The lines to copy run from the one containing "Illustrated Guide to" to the end of the listing. Please write them out exactly, minus the pictures.

▶ **Raw data**:

+-------+

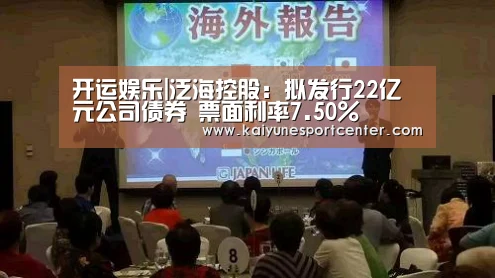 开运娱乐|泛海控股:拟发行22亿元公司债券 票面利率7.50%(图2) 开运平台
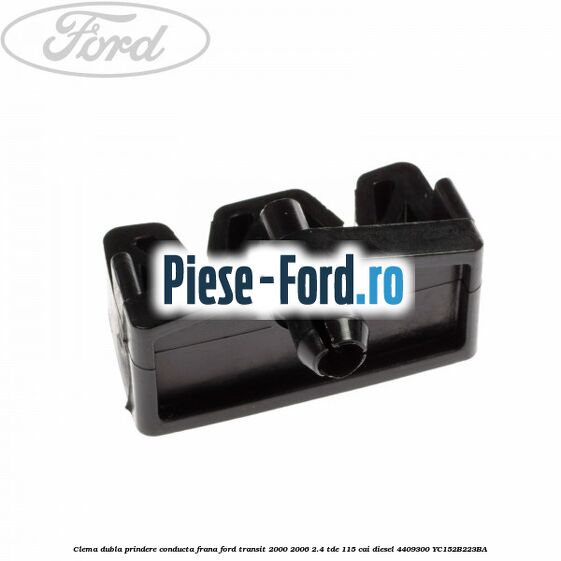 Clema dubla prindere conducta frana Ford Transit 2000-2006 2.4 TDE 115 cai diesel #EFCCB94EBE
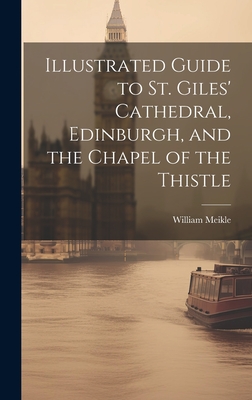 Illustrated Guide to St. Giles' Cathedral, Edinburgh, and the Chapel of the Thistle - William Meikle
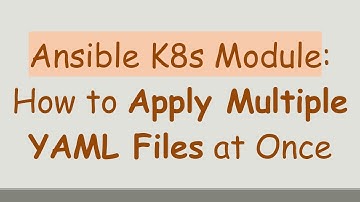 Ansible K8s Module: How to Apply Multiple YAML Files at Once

+-------+

▶ **Solution to this exercise**:
 Illustrated Guide to St. Giles' Cathedral, Edinburgh, and the Chapel of the Thistle - William Meikle
 Ansible K8s Module: How to Apply Multiple YAML Files at Once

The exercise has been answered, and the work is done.